If no household members are participants in a federal program, they can still qualify for a free cell phone via their total household income. All they need to do is provide proof of income through a pay stub or tax return. Similar to how housing assistance programs work, families can request assistance if their income falls below 135%, 150% or 175% of the Federal Poverty Guidelines (FPG), depending on which state they live and which provider they choose to request the assistance from.
As of 2018, the FPG determines $12,140 as the minimum income a single-person household must have to be above the poverty level in 48 states and the District of Columbia. The number increases to $13,960 for Hawaii and $15,810 for Alaska. For families of more than one member, the number increases by $4,320 for each additional person in all states but Hawaii ($4,970) and Alaska ($5,400). For example, a family of three that lives in Hawaii would need to earn less than $32,265 to qualify for a Lifeline account.
How to Apply for a free Phone from the Government
Households who meet the criteria by either being part of a federal assistance program or due to their total income can contact a Lifeline provider located in their state.
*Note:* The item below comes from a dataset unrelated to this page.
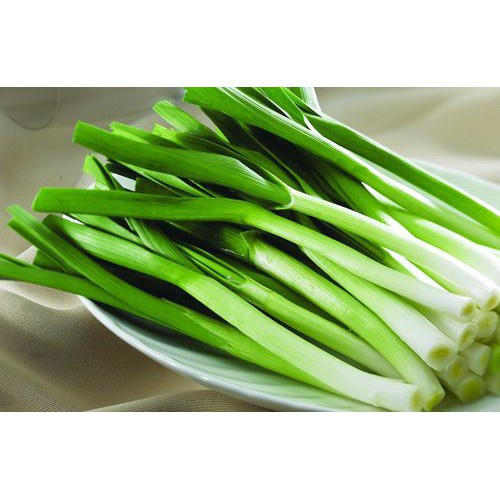 Hạt Giống Tỏi Tây Ý 100 hạt JL35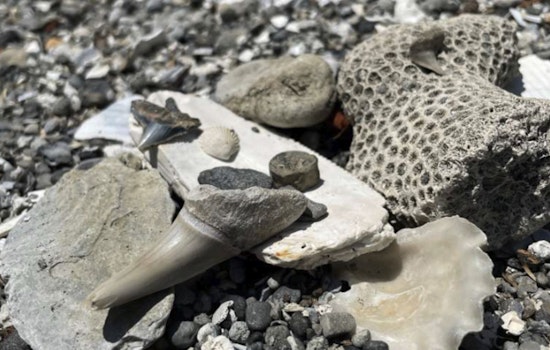 Raleigh's 'All About Fossils' Event Offers Insightful Journey into North Carolina's Prehistoric Past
To sign up for this assistance program, the following information must be provided: full legal name, date of birth, social security or tribal identification number, address, and the qualifying federal program or proof of annual household income. If the household already receives service from the provider, they can request the benefit be applied to their existing account.
Once they have signed up, households can choose which phone they would like to receive as part of the Lifeline program. Several carriers such as Assurance Wireless offers their customers Android-powered smartphones as part of their Lifeline service.
There are some restrictions that qualifying families must take into account when requesting assistance through the Lifeline program. For example, only one Lifeline account is allowed per household, and it has to be either wireless or landline, but not both. It is important that families understand their needs before requesting assistance.